Yet another issue to evaluate is what will be done with the salt once the water has been evaporated out of it.
One might imagine that the salt could be useful – for de-icing roads, if nothing else. But as it turns out, this salt isn’t particularly good for anything.
It doesn’t contain enough potassium carbonate to make it good for fertilizer, Stroh said, and there it doesn’t have enough calcium carbonate to make it ideal for road use. And it certainly isn’t table-salt caliber.
“It’s mostly sodium chloride with trace elements that would have to be removed. The cost of removing it would be pretty high,” Stroh said.
“Most table salt comes from mines where it’s pure. The only potential for this would be road salt, and the market’s pretty saturated, but we will look at that in the alternatives.”
“It’s a low-cost product that costs a lot to produce.”

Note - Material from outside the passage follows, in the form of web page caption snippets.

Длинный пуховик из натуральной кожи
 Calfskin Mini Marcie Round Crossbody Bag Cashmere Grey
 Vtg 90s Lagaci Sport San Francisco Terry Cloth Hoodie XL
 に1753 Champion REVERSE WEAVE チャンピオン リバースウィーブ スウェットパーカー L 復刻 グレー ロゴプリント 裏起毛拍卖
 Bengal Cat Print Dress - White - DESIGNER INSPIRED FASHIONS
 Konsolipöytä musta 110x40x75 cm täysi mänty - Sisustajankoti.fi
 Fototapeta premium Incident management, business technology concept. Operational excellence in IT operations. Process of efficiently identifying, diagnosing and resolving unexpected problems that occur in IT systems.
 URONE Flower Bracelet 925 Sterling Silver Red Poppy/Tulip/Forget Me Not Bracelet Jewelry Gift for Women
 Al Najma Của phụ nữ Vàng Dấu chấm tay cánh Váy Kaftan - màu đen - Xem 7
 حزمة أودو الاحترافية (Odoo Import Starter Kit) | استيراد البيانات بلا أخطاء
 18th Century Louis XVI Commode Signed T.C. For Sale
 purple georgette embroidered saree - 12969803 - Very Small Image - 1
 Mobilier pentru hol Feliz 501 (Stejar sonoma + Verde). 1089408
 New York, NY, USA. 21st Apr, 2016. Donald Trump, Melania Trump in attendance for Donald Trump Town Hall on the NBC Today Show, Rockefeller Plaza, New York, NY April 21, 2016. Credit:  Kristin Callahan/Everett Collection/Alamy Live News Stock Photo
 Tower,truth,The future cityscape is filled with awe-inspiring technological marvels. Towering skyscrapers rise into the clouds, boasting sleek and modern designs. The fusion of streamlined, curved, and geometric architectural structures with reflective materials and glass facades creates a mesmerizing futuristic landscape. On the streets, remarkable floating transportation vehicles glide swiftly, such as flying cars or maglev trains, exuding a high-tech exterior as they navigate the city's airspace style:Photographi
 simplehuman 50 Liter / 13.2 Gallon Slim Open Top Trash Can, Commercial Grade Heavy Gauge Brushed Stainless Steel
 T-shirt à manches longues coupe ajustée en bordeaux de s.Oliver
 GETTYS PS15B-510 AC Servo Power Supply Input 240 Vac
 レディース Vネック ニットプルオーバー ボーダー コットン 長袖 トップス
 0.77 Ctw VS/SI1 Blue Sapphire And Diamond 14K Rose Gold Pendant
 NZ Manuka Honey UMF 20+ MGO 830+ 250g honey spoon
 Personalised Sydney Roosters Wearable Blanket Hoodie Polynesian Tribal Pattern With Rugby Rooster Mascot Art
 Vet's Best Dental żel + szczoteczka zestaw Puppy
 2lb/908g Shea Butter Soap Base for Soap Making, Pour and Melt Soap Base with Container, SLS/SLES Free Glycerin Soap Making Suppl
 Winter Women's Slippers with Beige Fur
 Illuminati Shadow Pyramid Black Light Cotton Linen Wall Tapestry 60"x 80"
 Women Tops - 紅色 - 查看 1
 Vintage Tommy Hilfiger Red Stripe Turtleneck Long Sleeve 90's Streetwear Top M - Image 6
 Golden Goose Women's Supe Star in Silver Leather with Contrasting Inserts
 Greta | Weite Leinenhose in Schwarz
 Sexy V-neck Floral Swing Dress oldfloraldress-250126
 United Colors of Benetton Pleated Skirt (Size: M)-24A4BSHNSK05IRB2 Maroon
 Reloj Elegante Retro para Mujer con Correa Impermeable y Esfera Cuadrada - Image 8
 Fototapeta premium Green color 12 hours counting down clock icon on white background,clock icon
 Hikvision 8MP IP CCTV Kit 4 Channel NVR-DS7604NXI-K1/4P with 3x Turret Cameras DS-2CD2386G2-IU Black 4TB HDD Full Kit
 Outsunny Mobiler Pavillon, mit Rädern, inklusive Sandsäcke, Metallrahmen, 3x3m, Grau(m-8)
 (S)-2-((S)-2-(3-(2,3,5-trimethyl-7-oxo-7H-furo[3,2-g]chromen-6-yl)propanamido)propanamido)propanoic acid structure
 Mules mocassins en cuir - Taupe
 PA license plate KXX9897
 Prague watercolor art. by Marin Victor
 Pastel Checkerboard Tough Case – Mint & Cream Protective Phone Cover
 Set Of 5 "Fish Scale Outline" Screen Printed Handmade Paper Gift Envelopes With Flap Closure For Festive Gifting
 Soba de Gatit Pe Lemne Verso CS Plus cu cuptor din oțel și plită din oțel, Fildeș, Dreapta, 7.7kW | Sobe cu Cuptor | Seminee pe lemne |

In the past, the bureau has tried to explore commercial potentials for the salt, but with little luck.
“In the ’70s we could put it on a railroad car and still couldn’t get anybody to take it,” Stroh said.
If the pilot study of evaporative ponds is approved and is concluded, the next step for the bureau will be preparing a full-blown environmental impact statement to evaluate all possible alternatives for disposal of the salt.
So far there haven’t been many comments pouring in, according to Hock.
“We’re trying to keep everybody involved from the beginning,” she said.
Salinity control is enormously important in the Colorado River Basin.
According to information from the Natural Resources Conservation Service, more than 33 million people in the United States and another 3 million in Mexico depend on Colorado River water for municipal, agricultural and industrial use. Salts carried in the Colorado River cause more than $300 million in damage each year.
Bureau of Reclamation and U.S. Department of Agriculture salinity-control efforts take more than 1 million tons of salt out of the river and its tributaries annually.